Here is what we know so far about the issue:

Week-long transport strike?

Representatives from Manibela, Laban TNVS and PISTON, in a press conference Monday, raised their issues with the Land Transportation Franchising and Regulatory Board's (LTFRB) phaseout of traditional jeeps and UV Express.

They said they intend to conduct a "week-long transport strike" from March 6-12  to convince the board to suspend implementation of the Public Utility Vehicle (PUV) Modernization Program. This will be the first major coordinated strike since full passenger capacity resumed in March 2022, as industries resume their on-site work setup and schools return to face-to-face learning.

Manibela national president Mar Valbuena said around 40,000 jepney and UV Express vehicles are expected to participate in the strike in Metro Manila alone. They also called on commuters to support their protest.

Valbuena added that routes in Ilocos, Central Luzon, Calabarzon, Bacolod, Davao, Cagayan de Oro and Bicol will also be affected by the strikes.

What drivers, operators are protesting

The LTFRB said last week that individual operators of traditional jeepneys will no longer be allowed to continue their operations after June 30 unless they start joining a "consolidated entity" like a corporation or cooperative.

Only those that do so may continue to operate by virtue of a provisional authority that will be effective until December 31.

PISTON earlier said that a modern minibus costs around P2.4 million to P2.8 million per unit, compared to a tradditional jeepneys that only cost P200,000 to P600,000.

Under the the current PUV Modernization Program, operators must surrender their individual franchises for consolidation into a Fleet Management System, pushing them to purchase 15 imported minibuses per route.

According to PISTON, only large corporations would have the financial capacity to buy the 15 vehicles to operate a single route without being buried in debt.

LTFRB chairperson Teofilo Guadiz III earlier said that only 60% of the target number of vehicles for modernization have complied with the directive to consolidate franchises.

How is the government responding?

Transport Secretary Jaime Bautista on Monday appealed to transport groups to "sit down and iron out issues concerning the sector" before staging the strike.

"Maybe they should think about this a lot before you stop operations. Let's talk first. Let's understand what the issues are because maybe we don't understand each other well," Bautista said in a mix of Filipino and English in an interview released by the Presidential Communications office.

"But I think it's important that there is a dialogue between the operators, LTFRB and this time we will have representatives from the [Department of Transportation]."

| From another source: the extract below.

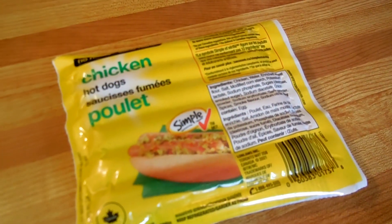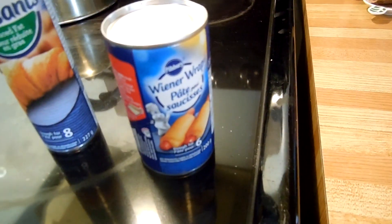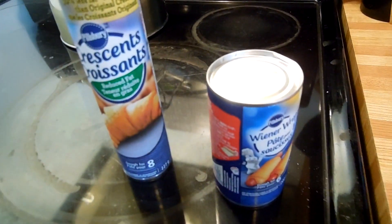Hi! Welcome to Super Serious Cooking. This week we are going to look at chicken hot dogs. We are going to compare and contrast two different Pillsbury doughs — one for crescent rolls and one specifically for hot dogs — and use both for hot dogs to see if it actually makes a difference.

Bautista said he believes that the lack of DOTr representation in previous dicussions to clarify issues is a factor in continued opposition to the program.

The DOTr official said that they're already working closely with the Development Bank of the Philippines and Land Bank to help operators and drivers finance the acquisition of modernized equipment.

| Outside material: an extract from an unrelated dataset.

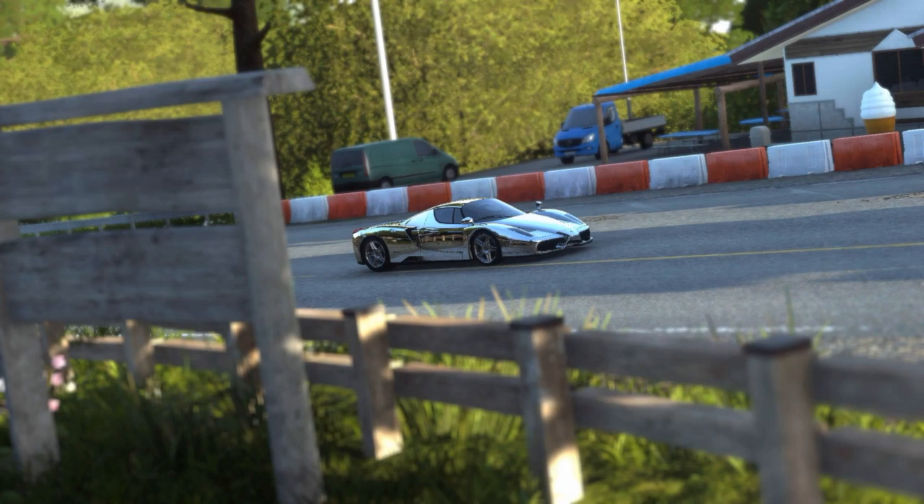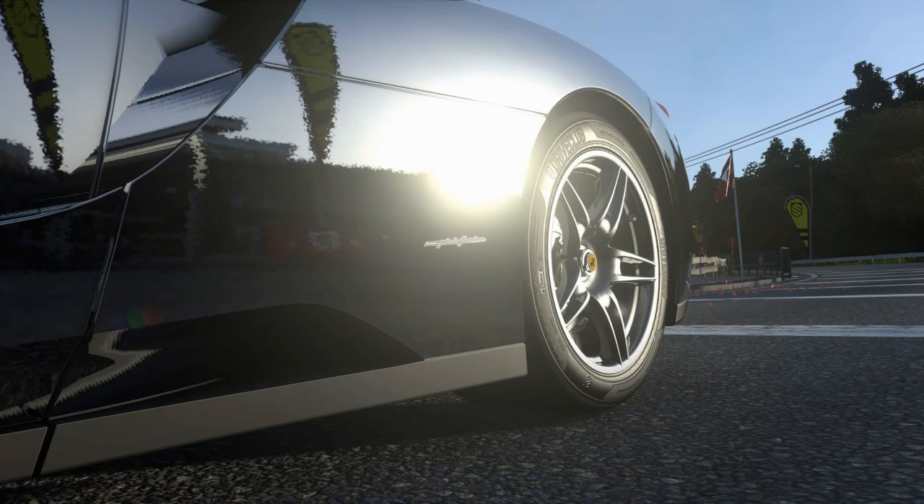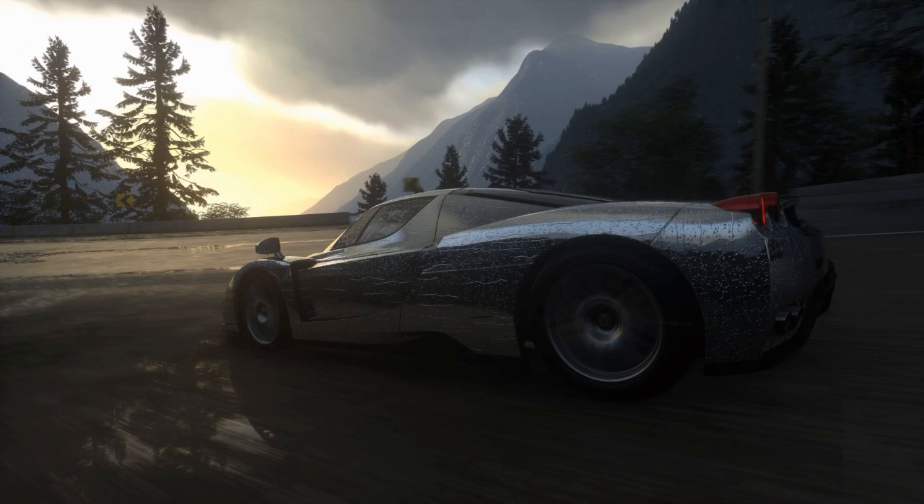Boy, these cars sure do look sweet with the chrome paint scheme. And using the photo mode in DriveClub makes it even nicer yet — trying to get just the right shot.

"The phaseout will happen in areas where the modernization program is almost already implemented in full," he added.

"But in areas where we think that we know it's hard to get new equipment right away, we will give operators a chance to join cooperatives to consolidate so that they get the help they need to get new equipment."

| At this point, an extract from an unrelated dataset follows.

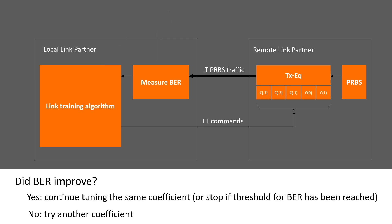Yes — continue to tune the same coefficient, or stop if the threshold for BER has been reached. No — try another coefficient.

"No phaseouts will happen yet in areas where new units still cannot realistically operate. But there are areas where there are already plenty [of the modern jeeps]. So if said operators [in those areas] don't join [consolidated entities] to get new vehicles, they wouldn't be considered." 

'Fight for livelihood, just modernization, industrialization'

PISTON national president Mody Floranda said that next week's transport strike is a show of solidarity, and that many sectors are willing to fight in order to stop the forced phaseout and franchise consolidation.

"Drivers and small operators are ready to protect their livelihood because the lives of their families are at stake especially at a time of intense economic crisis," Floranda said on Tuesday.

"Once you consolidate your franchise under a cooperative or corporation, you surrender your right to have an individual franchise. Once you fail to shoulder the weight of expensive modernization, you have nothing to go back to."

"What happens to the consolidated franchise of your coop? It will be bidded out by the LTFRB to large coporations who have the capacity to pay for imported minibuses forwarded by the government."

PISTON is calling for a "just transition program" into modernization by supporting the local manufacturing industry and allowing the rehabilitation and overhauling of traditional jeepneys to use engines that create less carbon emissions.

Floranda said the transition would not only save small-time operators money, but will also further develop local industries and create domestic jobs.